NVIDIA has announced a strategic $2 billion investment in Nebius Group, an Amsterdam-based AI cloud provider, marking one of the largest infrastructure partnerships of 2026. The deal, structured as a private placement of pre-funded warrants, grants NVIDIA a roughly 8.3% stake in the company and ties the two firms together in a massive multi-year expansion of global computing power.



The partnership is centered on the deployment of more than 5 gigawatts of AI computing capacity by 2030. This includes "AI factories" - data center complexes specifically architected for the "agentic era" of artificial intelligence.


Only days prior to the announcement, Nebius secured approval for its largest U.S. project to date.
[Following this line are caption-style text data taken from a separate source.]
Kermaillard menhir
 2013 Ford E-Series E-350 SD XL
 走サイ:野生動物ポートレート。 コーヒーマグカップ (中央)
A 1.2-gigawatt campus near Independence, Missouri, which is slated to begin receiving power in the second half of 2026.


Beyond the capital injection, the agreement provides Nebius with "priority access" to NVIDIA’s most advanced next-generation hardware. This includes the Rubin platform, Vera CPUs, and BlueField storage systems. The two companies will also engage in deep engineering collaboration, focusing on AI factory design, fleet management optimization, and high-performance inference stacks.


"AI is at another inflection point," said NVIDIA CEO Jensen Huang. "Nebius is building an AI cloud designed for the agentic era, fully integrated from silicon to software. Together, we are scaling the cloud to meet the surging global demand for intelligence."


Nebius, which emerged as a rebranded entity following the divestment of Yandex's Russian assets, has quickly positioned itself as a "neocloud" leader. The company reported a 547% year-on-year revenue increase in late 2025 and is targeting an annualized recurring revenue of $7 billion to $9 billion by the end of 2026.


The investment mirrors a similar $2 billion move NVIDIA made into CoreWeave earlier this year, signaling a broader strategy by the chipmaker to secure and influence the infrastructure where its most powerful processors are deployed.